Dr. Florence Wambugu of Egerton University has previously cautioned that if the continent was not careful, it would miss out on the benefits of this millennium technology just as was bypassed by the green revolution, and forever be relegated to oblivion. Dr. Wambugu says Western lobby groups are trying to make Africa believe that it would be the target of malicious introduction of biotechnologies because it lacked the capacity to tell good from evil.

Dr. Wafula said while the US-Europe debate was driven by competition for markets and profit maximization motives, biotechnology in Africa hinges on averting mass starvation and alleviating rampant poverty. "Biotechnology development and application must be taken within the context for which Africa is craving - food production and survival."

Dr. Wafula said with a population expected to triple over the next 25 years and an agricultural sector that has maintained a downward trend, Africa would have to seek refuge from biotechnology to fast- forward the production of large amounts of food in order to meet the needs of its peoples. He said as a result of maintaining a low profile in food production, Africa has the lowest per capita food availability in the world.

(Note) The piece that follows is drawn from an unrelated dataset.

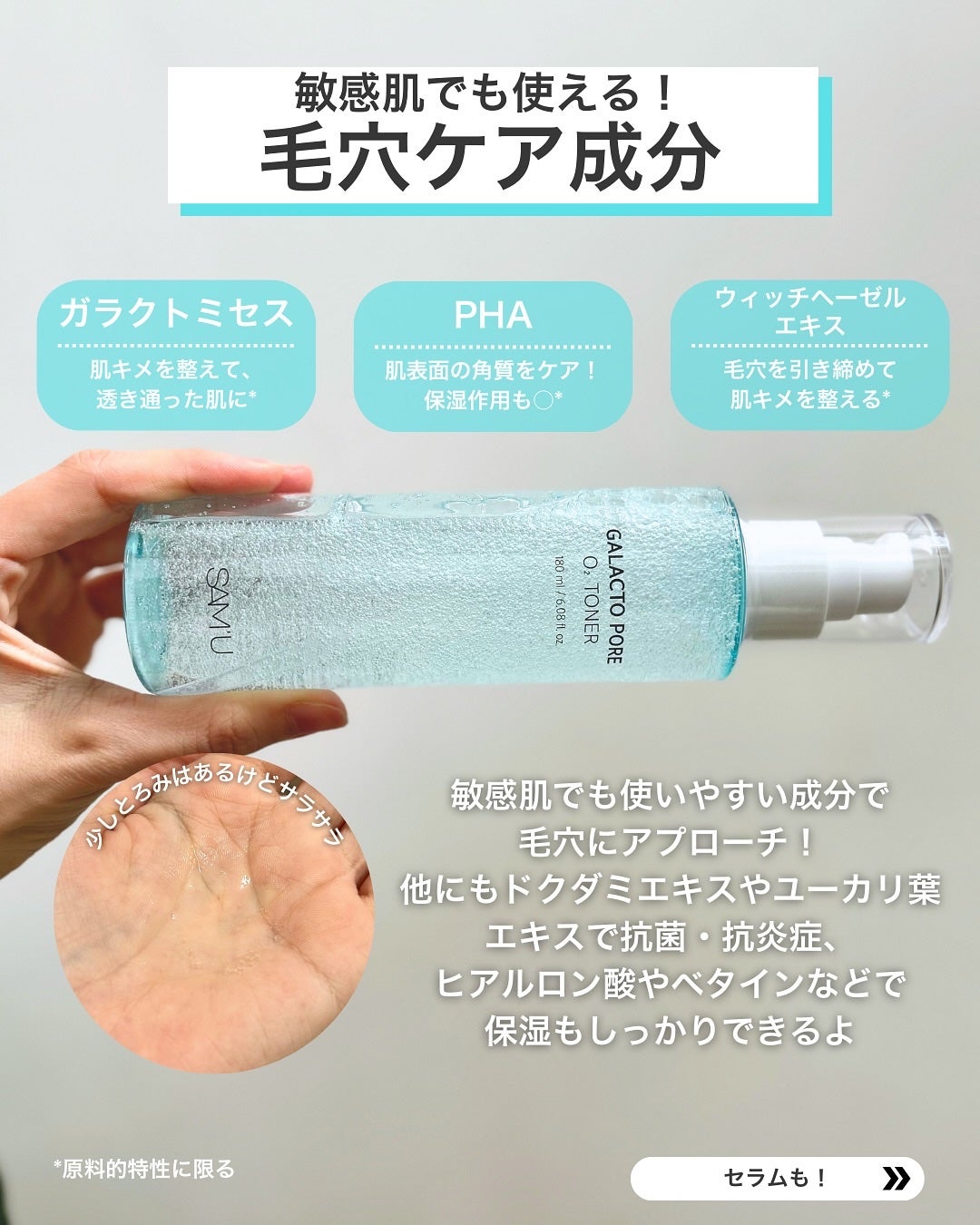 サミュ ガラクトポア セラム/SAM'U/美容液を使ったクチコミ(4枚目)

African farmers, he said, were besieged by high costs of farm inputs and high crop and animal losses due to diseases and pests, providing the rationale for the use of biological technologies, including genetic manipulation, to address these problems.

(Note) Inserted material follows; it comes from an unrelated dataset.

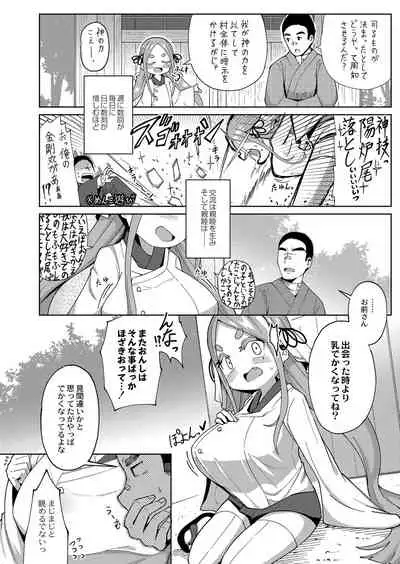 COMIC Reboot Vol. 32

"The use of high-yielding, disease-resistant and pest-resistant crops would have a direct bearing on improved food security, poverty alleviation and environmental conservation in Africa," Dr. Wafula said.

He said the Government must identify the key national biotechnology priorities in order to ensure that the only research and development activities in biotechnology were undertaken with the limited available national resources. He recommended that the Government also put in place policies and legislation to govern safe and judious application and transfer of biotechnologies, thereby minimising their perceived risks.

Dr. Wafula however cautioned that any biosafety regulations adopted should be accommodative and promotional, rather than restrictive, of biotechnology development, transfer and acquisition. The meeting resolved that awareness and education of the public and policy makers would enhance the continent's position and use of biotechnology.

Most African countries lack the necessary expertise and information to engage in the formulation and implementation of long- term biotechnology policies and laws. At the moment they are merely reacting to political and ethical issues being raised by anti- biotechnology lobbies around the world.

The course will contribute tot he creation of a critical mass of African expertise in biotechnology policy analysis. It may also enlarge the region's ability to participate effectively in the international negotiations on the Protocol on Biosafety.

DR Mugabe encouraged African delegation to the Biosafety Protocol negotiations to argue for provisions that will strengthen their capabilities in biotechnology. He said: "Africa has comparative advantages in biotechnology. These include its enormous genetic diversity and prior scientific knowledge in agriculture. Biotechnology offers new opportunities to transform rural agriculture without undermining local ecologies and socio-economic landscapes".

Governments must now move aggressively to lay down technology policies that enlarge their comparatively advantages and competitiveness in the technology, he said.

ACTS has mobilised international expertise in biotechnology policy and intellectual property protection to five lectures and lead discussions during the course. The international experts include DR Carlienne Brenner, former senior policy analyst in the OECD's agriculture biotechnology programme and Pro Norman Clark Director of the Graduate School of Environmental studies at the University of Strathclyde, Scotland. Others include DR Florence Wambugu, a leading African scientist in genetic engineering, DR Phillippe Cullet an intellectual property protection lawyer in Geneva, Switzerland, and Mr. Denis Rangi, Regional Director of the Commonwealth Agricultural Bureau International (CABI) - Africa.